Hibbertia graniticola
- Conservation status: Priority Three — Poorly Known Taxa (DEC)

Scientific classification
- Kingdom: Plantae
- Clade: Tracheophytes
- Clade: Angiosperms
- Clade: Eudicots
- Order: Dilleniales
- Family: Dilleniaceae
- Genus: Hibbertia
- Species: H. graniticola
- Binomial name: Hibbertia graniticola J.R.Wheeler

= Hibbertia graniticola =

- Genus: Hibbertia
- Species: graniticola
- Authority: J.R.Wheeler
- Conservation status: P3

Species of flowering plant

Hibbertia graniticola is a species of flowering plant in the family Dilleniaceae and is endemic to the south-west of Western Australia. It is a shrub with thick, linear leaves and yellow flowers borne singly on the ends of branchlets, with seventeen to thirty stamens arranged around the two or three carpels.

==Description==
Hibbertia graniticola is a shrub that typically grows to a height of 1.5 m with the foliage densely covered with minute hairs. The leaves are thick, linear, 10–20 mm long and 1.2–1.5 mm wide on a petiole 1–1.5 mm long with the edges rolled down and fused to the midrib. The flowers are 20–35 mm wide, borne singly on the ends of branchlets and sessile, with inconspicuous leaf-like bracts 9–12 mm long. The five sepals are joined at the base, elliptic, the outer sepals 4–8 mm long and the inner sepals 7–11 mm wide. The five petals are yellow, egg-shaped with the narrower end towards the base, 14–20 mm long with a notch at the tip. There are seventeen to thirty stamens arranged around the two or three carpels, each carpel containing ten ovules. Flowering occurs from August to September.

==Taxonomy==
Hibbertia graniticola was first formally described in 1994 by Judy Wheeler in the journal Nuytsia from specimens she collected near Warralakin in 1988. The specific epithet (graniticola) refers to the usual habit of this species, apparently restricted to granite outcrops.

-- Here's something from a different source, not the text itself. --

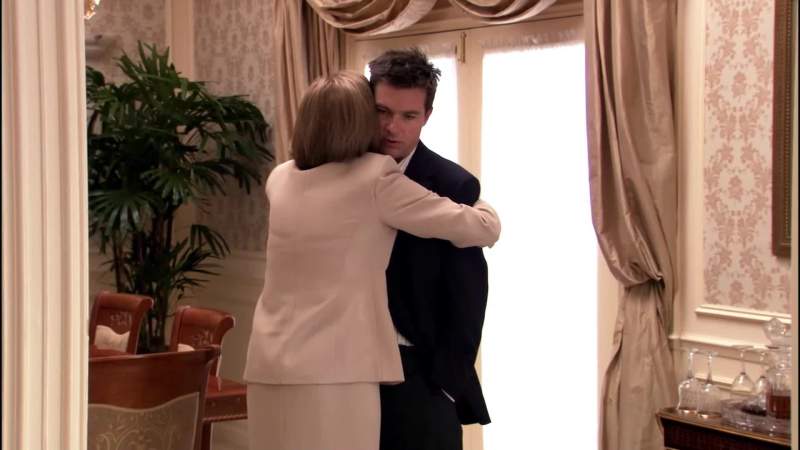 It's going to be all right Why are you squeezing me with your body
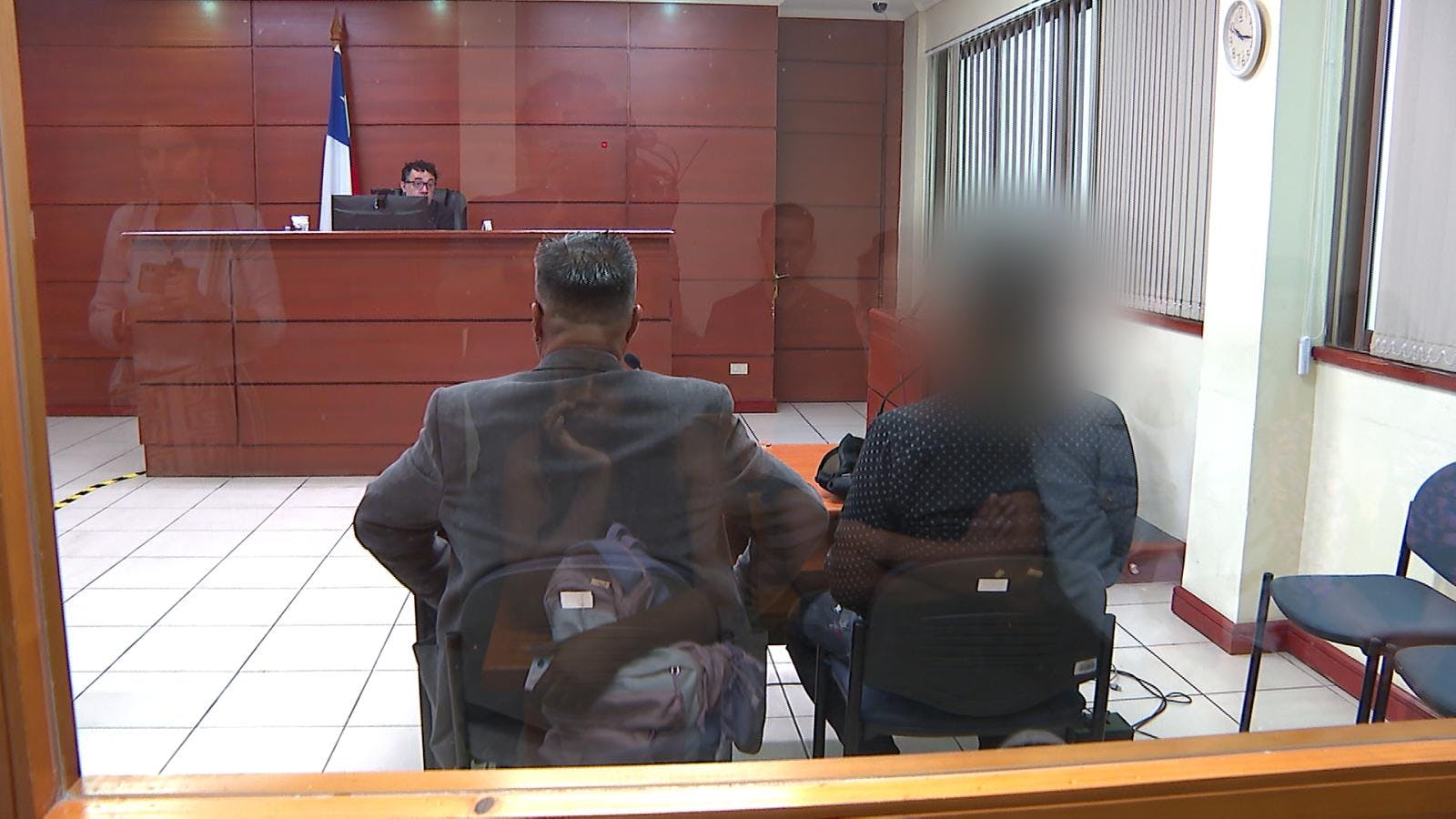 Formalizan a ex apoderado por agresiones y amenazas contra profesora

==Distribution and habitat==
This hibbertia grows in sandy pockets on granite outcrops near Warralakin in the Avon Wheatbelt biogeographic region of south-western Western Australia.

==Conservation status==
Hibbertia graniticola is classified as "Priority Three" by the Government of Western Australia Department of Parks and Wildlife meaning that it is poorly known and known from only a few locations but is not under imminent threat.